#### [TASK ITEM]
If pictures appear, leave them out, and return exactly the lines from the one holding "this 640×364 image." through the last line of the listing below.
--- --- ---
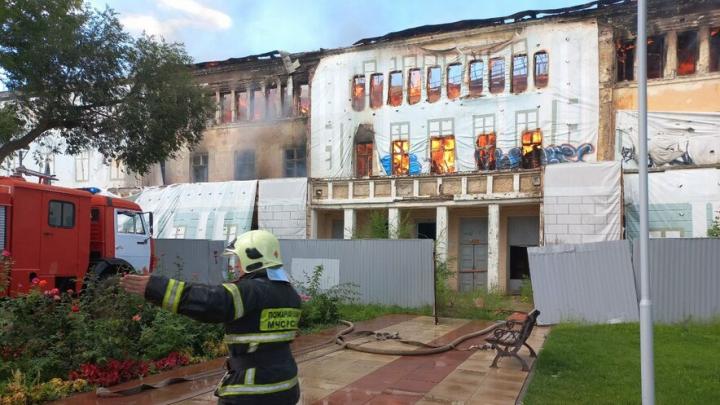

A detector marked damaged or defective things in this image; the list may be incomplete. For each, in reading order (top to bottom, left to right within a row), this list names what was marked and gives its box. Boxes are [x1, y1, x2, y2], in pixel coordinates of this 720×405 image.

broken window [386, 71, 402, 106]
broken window [404, 68, 422, 105]
broken window [424, 66, 442, 102]
broken window [444, 64, 462, 100]
broken window [466, 60, 484, 95]
broken window [490, 56, 506, 93]
broken window [512, 54, 528, 92]
broken window [536, 51, 552, 88]
broken window [612, 38, 636, 81]
broken window [648, 35, 664, 79]
broken window [676, 30, 696, 75]
broken window [191, 152, 208, 182]
broken window [233, 149, 256, 179]
broken window [282, 146, 306, 176]
broken window [356, 141, 374, 176]
broken window [390, 140, 408, 174]
broken window [428, 117, 456, 173]
broken window [472, 114, 496, 170]
broken window [520, 129, 544, 168]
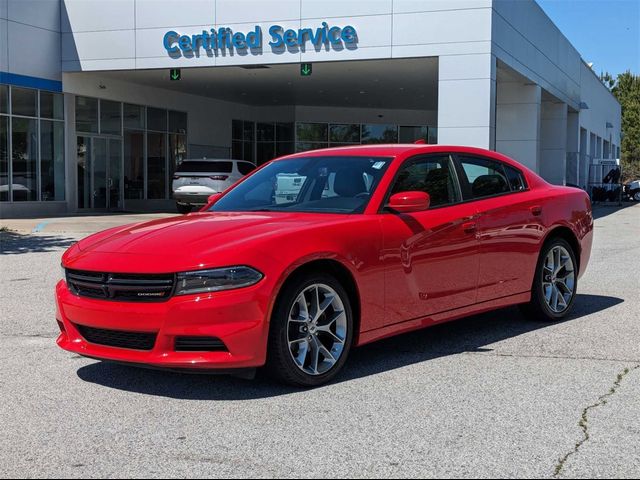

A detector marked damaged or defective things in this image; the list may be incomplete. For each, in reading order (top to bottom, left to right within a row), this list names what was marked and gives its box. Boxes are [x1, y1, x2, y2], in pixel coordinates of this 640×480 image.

pavement crack [552, 364, 636, 476]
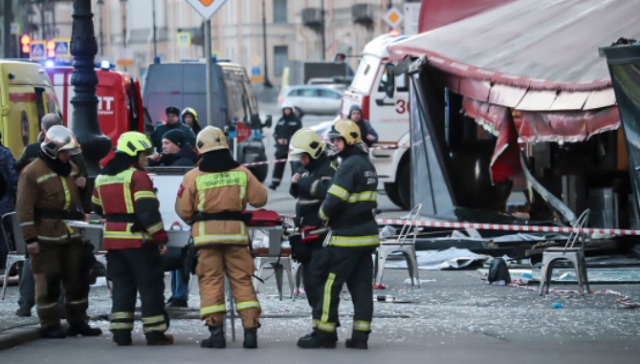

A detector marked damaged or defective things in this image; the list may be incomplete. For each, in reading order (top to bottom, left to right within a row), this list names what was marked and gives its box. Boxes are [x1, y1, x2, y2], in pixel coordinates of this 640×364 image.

damaged café awning [388, 0, 636, 144]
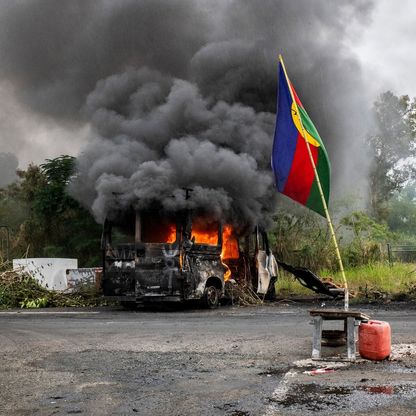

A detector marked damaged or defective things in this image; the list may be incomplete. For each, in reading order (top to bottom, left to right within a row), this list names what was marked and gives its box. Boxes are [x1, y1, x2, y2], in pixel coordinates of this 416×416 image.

charred bus [99, 208, 278, 308]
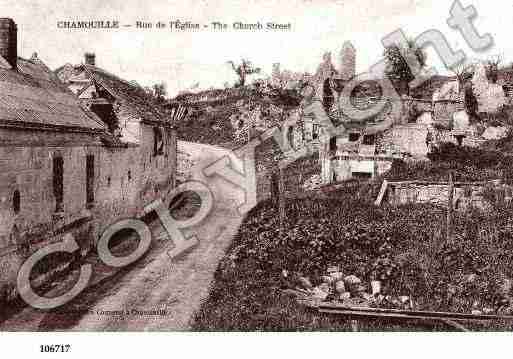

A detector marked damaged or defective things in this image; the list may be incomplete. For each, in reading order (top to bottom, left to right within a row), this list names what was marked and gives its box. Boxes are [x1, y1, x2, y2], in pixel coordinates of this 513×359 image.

damaged roof [0, 56, 106, 134]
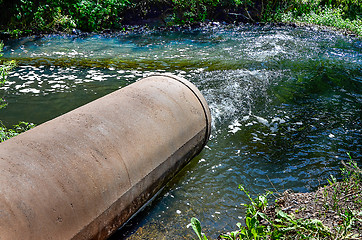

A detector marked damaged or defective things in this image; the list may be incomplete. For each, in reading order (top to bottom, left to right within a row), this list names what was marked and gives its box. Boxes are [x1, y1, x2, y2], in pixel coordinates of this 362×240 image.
--- --- ---
#### [ANSWER FOR THE TASK]
A detector marked damaged or defective things in this image; the list may be incomplete. For each, in reading order (top to bottom, left to right within a row), this list names what was marked and gives its box. Boxes are [x1, y1, x2, y2], in pixel coordinates of this 640×364 image.

damaged café awning [388, 0, 636, 144]

A detector marked damaged or defective things in this image; the list may be incomplete. For each, in reading order (top to bottom, left to right within a row), this list names what was marked and gives its box. Boxes are [x1, y1, x2, y2], in pixel coordinates of this 416×416 image.

charred bus [99, 208, 278, 308]

A detector marked damaged or defective things in this image; the list may be incomplete. For each, in reading order (top to bottom, left to right within a row), this list names what was marked and gives its box. Boxes are [x1, y1, x2, y2], in pixel coordinates of this 513×359 image.

damaged roof [0, 56, 106, 134]

A detector marked damaged or defective things in this image; the list may be incomplete. For each, in reading order (top to bottom, left to right within a row), this list names what was marked and gives its box. Boxes are [x1, y1, x2, y2], in pixel coordinates of this 362×240 image.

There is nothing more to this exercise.